Anti-TNF agents such as infliximab and adalimumab have the strongest evidence for efficacy, demonstrating significantly higher rates of fistula closure compared to placebo in RCTs[446]. The ACCENT II trial showed that infliximab led to fistula closure in 36% of patients at one year, compared to 19% with placebo[176]. The optimal trough level for infliximab in perianal fistulizing CD is suggested to be ≥ 15 μg/mL, with higher levels correlating with improved rates of fistula healing[292]. Adalimumab has also demonstrated efficacy, though some studies suggest that higher drug concentrations > 12 μg/mL are needed to maintain fistula closure. Upadacitinib, an oral JAK inhibitor, has shown efficacy in perianal fistulizing CD. A post hoc analysis of three phase 3 trials (U-EXCEL, U-EXCEED, U-ENDURE) found that upadacitinib 45 mg led to fistula drainage resolution in 44.7% vs 5.6% with placebo (P = 0.003) and closure of external openings in 22.1% vs 4.8% (P = 0.013) at induction[447]. During maintenance, upadacitinib 15 mg and 30 mg maintained higher fistula closure rates than placebo. Alternative biologic therapies, such as vedolizumab and anti-IL agents, have shown promise, albeit with lower rates of fistula closure compared to anti-TNF agents[446,448]. Mesenchymal stem cell therapy has emerged as a novel approach, with randomized trials demonstrating a significant benefit in fistula healing, particularly in refractory cases, although clinical trial outcomes have been conflicting due to various reasons[449-453]. Hyperbaric oxygen therapy and exclusive enteral nutrition have also been explored as adjunctive options, but robust evidence supporting their routine use is lacking[440,454].

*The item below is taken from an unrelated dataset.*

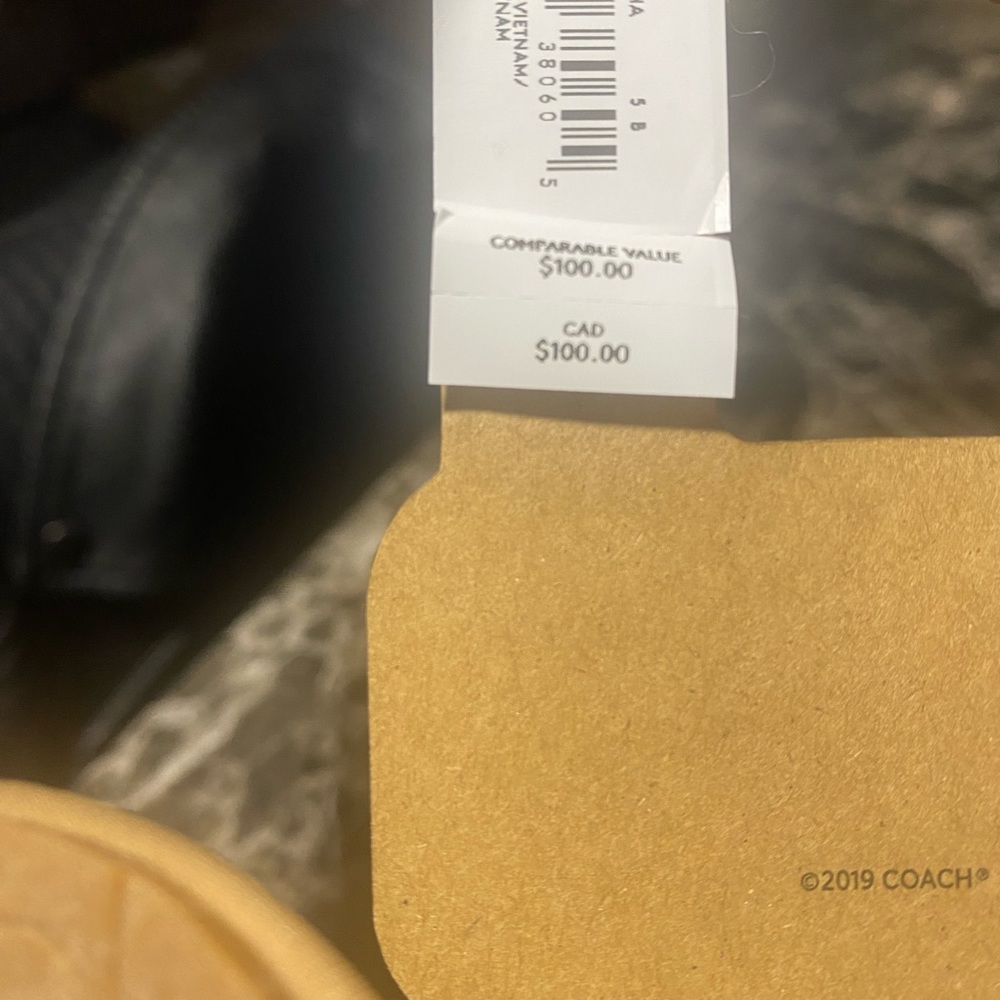 Coach Slides - Picture 3 of 5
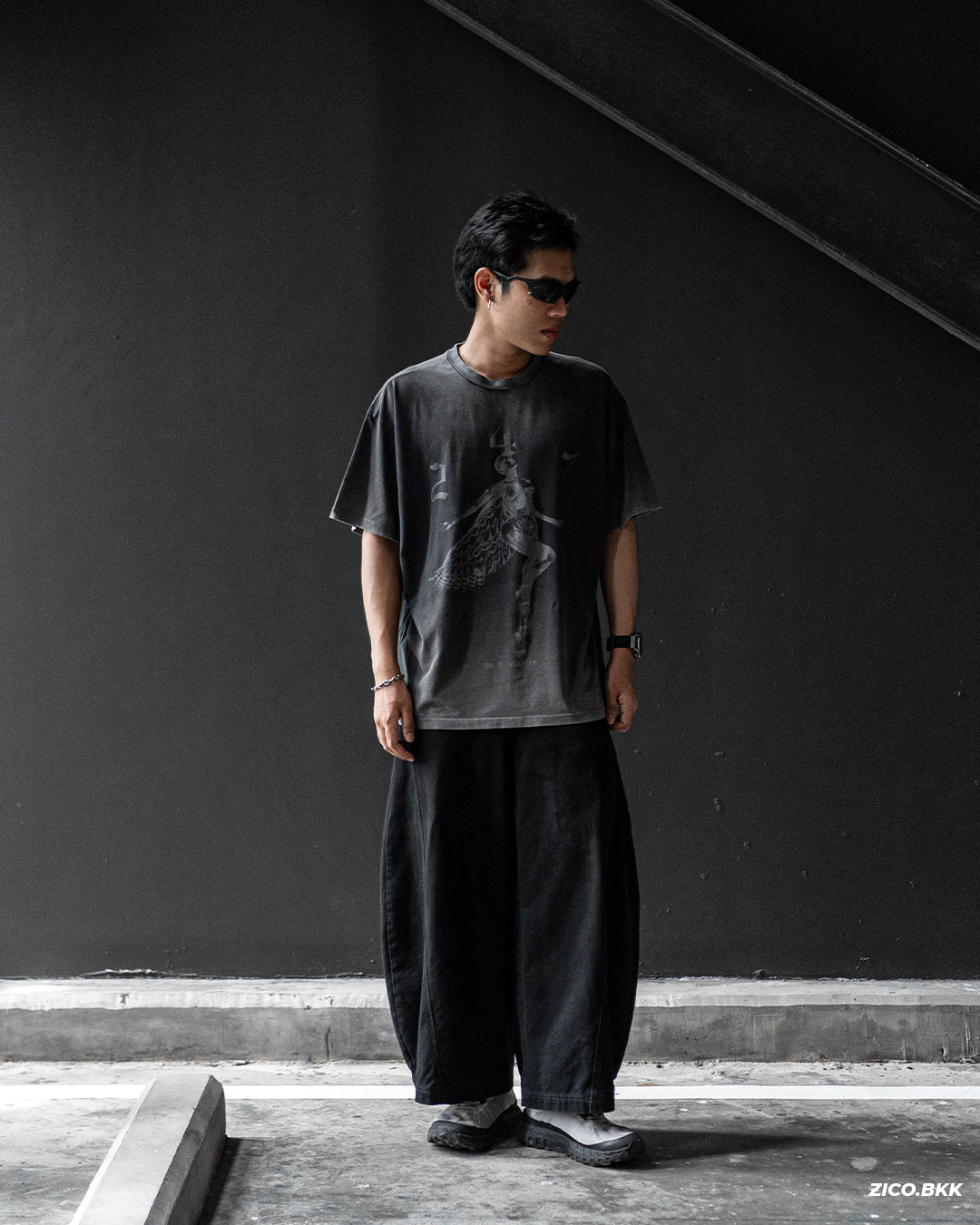 Represent 247 Fallen Angel Graphic T-Shirt - Vintage Black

Combined anti-TNF with surgical intervention remains essential for optimizing outcomes, particularly in complex fistulas[440,455]. The use of setons to maintain drainage and prevent abscess formation is standard practice, with studies suggesting that seton placement combined with anti-TNF therapy leads to superior healing rates compared to either modality alone. However, prolonged seton use may delay definitive closure, and its role in long-term outcomes remains debated[456]. Other surgical techniques include fistulotomy, advancement flaps, ligature of the intersphincteric fistula tract, and stem cell-based therapies, which have shown promise in select patients[457]. A systematic review and meta-analysis found that while combining medical and surgical therapy does not significantly improve fistula closure rates compared to anti-TNF therapy alone, it does yield better outcomes than surgery alone[458]. Fecal diversion, using a loop ileostomy or colostomy, is a surgical option for severe or refractory perianal CD[459]. While it improves symptoms in many patients, nearly half may require permanent diversion due to persistent rectal inflammation or strictures. The management of perianal fistulizing CD necessitates a multidisciplinary approach integrating gastroenterologists, colorectal surgeons, and radiologists. Early initiation of biologic therapy, aggressive infection control, and individualized surgical strategies are key to otimizing outcomes.
Statement 158: Infliximab in combination with azathioprine is the preferred first-line biologic therapy for perianal fistulizing CD (evidence level: 1b; strength of recommendation: Strong; consensus agreement: 100%).
Statement 159: Before initiating biologic therapy, adequate perianal sepsis control through examination under anaesthesia, abscess drainage, and seton placement is recommended to reduce the risk of treatment failure and recurrent infections (evidence level: 3b; strength of recommendation: Strong; consensus agreement: 100%).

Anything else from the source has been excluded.